Word that a U.S. Army reservist was sentenced to 10 years behind bars for physically and sexually abusing Iraqi detainees at the Abu Ghraib prison drew scorn Sunday from Iraqis who thought he should have been tried here and punished with death.
Iraq’s interim government had no official reaction, but a handful of ordinary Iraqis interviewed in Baghdad said the trial and its outcome brought no justice. Rather, it bore a humiliation just as potent as the shame that came when pictures of the abuse first emerged in April.
Abdul-Razak Abdul-Fattah, a 65-year-old retired army officer, said he was shocked to see TV footage of Army Spc. Charles Graner Jr. leaving the court smiling and laughing even while his legs and hands were shackled.
“It showed on his face that he did not regret the shameful acts that he and his colleagues committed,” he said. “Perhaps Americans think that those things, I mean showing people naked, is normal and not shameful.”
Photos caused widespread outrage
Images of reservists abusing Iraqi detainees at Abu Ghraib caused widespread outrage throughout the Arab world in particular, where communities can shun people who’ve suffered such deeply personal and public disgrace.
Graner, 36, thought to be the ringleader of the abuse, was accused of stacking naked prisoners in a human pyramid and later ordering them to masturbate while other soldiers took photographs.
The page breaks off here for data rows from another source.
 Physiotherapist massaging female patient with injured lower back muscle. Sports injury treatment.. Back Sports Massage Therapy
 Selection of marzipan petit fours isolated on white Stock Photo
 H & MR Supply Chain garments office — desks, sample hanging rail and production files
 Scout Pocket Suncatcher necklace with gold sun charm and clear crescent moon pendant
He also allegedly punched one man in the head hard enough to knock him out, and struck an injured prisoner with a collapsible metal stick.
Graner was sentenced Saturday to 10 years in military prison in the first court-martial of the scandal.
He could have received 15 years behind bars in the first court-martial stemming from the scandal. Asked if he felt remorse after the sentence was handed down, Graner said, “There’s a war on. Bad things happen.”
Graner will be dishonorably discharged when his sentence is completed. He also was demoted to private and ordered to forfeit all pay and benefits.
Hussein Mohammed, a 22-year-old student, said the humiliation of the prisoners still lingers, nine months after the scandal broke.
“Even though the Iraqi community knows that those abused people were forced to do so, the community will continue to look down on them,” Mohammed said.
A young shopkeeper in downtown Baghdad said Graner and his cohorts should be executed in Iraq in front of those they abused.
“That person brought ignominy to those Iraqis. As Arabs, we prefer to die with honor rather than live with such disgrace,” 24-year-old Mohammed Ahmed said.
A teacher in the northern city of Kirkuk said the abuse at the prison recalled the crimes committed by Saddam Hussein’s regime, and was perhaps more shocking because it was not expected from a country that preaches respect for human rights.
“Iraq was a cemetery for human rights violations. When Saddam created the mass graves we thought that it was a savage thing,” Sardar Mohammed, 38, said. “But when we saw the Americans and what they have done at Abu Ghraib, I was astonished because America came here carrying slogans of freedom and democracy.”